Die grundlegenden technischen Anforderungen sind in der Praxis von den Bohr­unternehmen kaum vollständig umsetzbar, da die üblichen Herstellungstechniken und die meisten verwendeten Materialien für die komplexen Wechselbeziehungen unzureichend sind. Ferner fehlt aus wirtschaftlichen Gründen vor allem die fachlich notwendige Überwachung der Arbeiten vor Ort sowie die fachliche Prüfung der Bauausführung.
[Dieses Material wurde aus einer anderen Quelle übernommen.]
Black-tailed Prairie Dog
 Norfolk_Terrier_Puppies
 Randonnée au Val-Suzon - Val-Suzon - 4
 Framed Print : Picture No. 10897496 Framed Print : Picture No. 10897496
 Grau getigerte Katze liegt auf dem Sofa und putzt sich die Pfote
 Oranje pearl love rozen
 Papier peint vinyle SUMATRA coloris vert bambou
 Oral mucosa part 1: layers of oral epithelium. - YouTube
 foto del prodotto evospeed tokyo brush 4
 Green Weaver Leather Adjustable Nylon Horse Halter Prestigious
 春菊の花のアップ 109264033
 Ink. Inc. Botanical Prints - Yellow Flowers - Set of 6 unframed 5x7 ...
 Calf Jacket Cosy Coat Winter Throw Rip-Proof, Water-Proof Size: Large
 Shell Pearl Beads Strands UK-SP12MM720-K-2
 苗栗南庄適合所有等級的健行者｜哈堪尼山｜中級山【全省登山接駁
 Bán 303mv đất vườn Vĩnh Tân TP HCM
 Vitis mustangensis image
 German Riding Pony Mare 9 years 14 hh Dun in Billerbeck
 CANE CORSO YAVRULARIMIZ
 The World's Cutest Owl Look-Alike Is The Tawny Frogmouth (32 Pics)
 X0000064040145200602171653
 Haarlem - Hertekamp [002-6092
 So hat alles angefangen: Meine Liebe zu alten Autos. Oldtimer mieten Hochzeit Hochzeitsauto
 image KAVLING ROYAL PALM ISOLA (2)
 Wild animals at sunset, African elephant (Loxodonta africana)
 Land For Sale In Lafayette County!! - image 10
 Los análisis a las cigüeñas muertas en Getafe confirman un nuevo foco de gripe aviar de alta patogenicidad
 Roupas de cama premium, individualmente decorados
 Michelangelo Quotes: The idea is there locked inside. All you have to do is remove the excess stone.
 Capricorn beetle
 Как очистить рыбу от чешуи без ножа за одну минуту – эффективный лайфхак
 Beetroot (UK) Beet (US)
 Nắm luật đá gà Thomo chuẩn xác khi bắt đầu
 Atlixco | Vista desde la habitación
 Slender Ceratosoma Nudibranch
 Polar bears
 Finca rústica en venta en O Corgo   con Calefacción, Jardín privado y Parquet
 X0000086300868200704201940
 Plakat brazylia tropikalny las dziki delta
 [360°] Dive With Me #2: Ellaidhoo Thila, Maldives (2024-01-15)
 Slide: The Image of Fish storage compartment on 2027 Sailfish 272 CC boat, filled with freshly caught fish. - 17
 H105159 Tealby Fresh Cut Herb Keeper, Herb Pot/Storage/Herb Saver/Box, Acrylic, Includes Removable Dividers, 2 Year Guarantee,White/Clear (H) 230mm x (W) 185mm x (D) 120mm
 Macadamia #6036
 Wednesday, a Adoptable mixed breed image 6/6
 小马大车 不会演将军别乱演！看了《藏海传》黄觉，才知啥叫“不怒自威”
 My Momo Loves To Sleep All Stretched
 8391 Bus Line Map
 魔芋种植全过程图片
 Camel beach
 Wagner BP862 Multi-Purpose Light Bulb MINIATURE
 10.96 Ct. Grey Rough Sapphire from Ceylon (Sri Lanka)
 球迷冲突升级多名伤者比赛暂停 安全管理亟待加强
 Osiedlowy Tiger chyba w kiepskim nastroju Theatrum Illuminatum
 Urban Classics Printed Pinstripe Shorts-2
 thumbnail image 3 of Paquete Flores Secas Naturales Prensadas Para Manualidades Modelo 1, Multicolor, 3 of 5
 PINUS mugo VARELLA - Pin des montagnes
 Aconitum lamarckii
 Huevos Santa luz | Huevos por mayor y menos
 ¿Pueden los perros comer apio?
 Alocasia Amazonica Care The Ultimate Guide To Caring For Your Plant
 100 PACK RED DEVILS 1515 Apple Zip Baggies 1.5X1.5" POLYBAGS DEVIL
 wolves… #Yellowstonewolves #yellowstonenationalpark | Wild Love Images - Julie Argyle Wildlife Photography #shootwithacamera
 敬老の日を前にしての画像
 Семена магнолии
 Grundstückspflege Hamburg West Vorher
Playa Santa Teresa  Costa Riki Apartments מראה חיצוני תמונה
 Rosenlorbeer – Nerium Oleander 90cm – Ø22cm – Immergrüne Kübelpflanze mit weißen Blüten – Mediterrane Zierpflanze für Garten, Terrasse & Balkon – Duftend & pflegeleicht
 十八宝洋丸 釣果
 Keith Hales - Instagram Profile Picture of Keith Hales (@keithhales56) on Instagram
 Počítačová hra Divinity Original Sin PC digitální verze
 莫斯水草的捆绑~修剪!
Herstellungs- und systembedingte Fehlfunktionen an der Anlage und gleichzeitig unvorhersehbare Risiken für das Grundwasser sind nicht auszuschließen. Beispiele mit besonders spektakulären Schadensfällen sind aus Baden-Württemberg, Hessen und Nordrhein-Westfalen bekannt geworden. Sie zeigen, dass das Risiko vor allem aufgrund mangelhafter Ausführung nicht vollumfänglich beherrschbar ist.
Fehlfunktionen sowie negative Einflüsse auf das Grundwasser werden wahrscheinlicher, wenn die Bohrung aus der Lotrechten verläuft, dadurch eine vollständige Ummantelung der Sondenrohre unmöglich wird und Verfüllbaustoffe keine hydraulisch dichtende Funktion haben (z. B. bei zu hohen Wassergehalten). Undichtigkeiten durch ungeeignete Materialien und unsachgemäße Bohrungen fördern im Bohrloch hydraulische Kurzschlüsse und schleichende Stoffverlagerungen. Die Höhe des Risikos einer Grundwasserbeeinträchtigung ist auch von den örtlichen hydrogeologischen Verhältnissen abhängig. Die Risiken steigen mit der Unkenntnis der Beteiligten und dem wirtschaftlichen Druck des Auftraggebers. Dieser wird oft an Planer und Ausführende weitergegeben. Die damit ausgelöste Spirale führt zu unsachgemäß hergestellten und risikobehafteten Anlagen, die aufgrund fehlender Kontrollmöglichkeiten ungeprüft übernommen werden müssen.
Die bekannten Risiken von EWS-Bohrungen würden besser beherrschbar, wenn die Kenntnisse der Planer zu den standortspezifischen Randbedingungen sowie die handwerklichen Fähigkeiten der Bauausführenden zur Risikominimierung ebenso wie die Qualitätssicherung auf der Baustelle erheblich verbessert würden. Der Kostendruck darf kein Feigenblatt für eine Art der Energienutzung sein, die vom Grunde her gesehen attraktiv ist.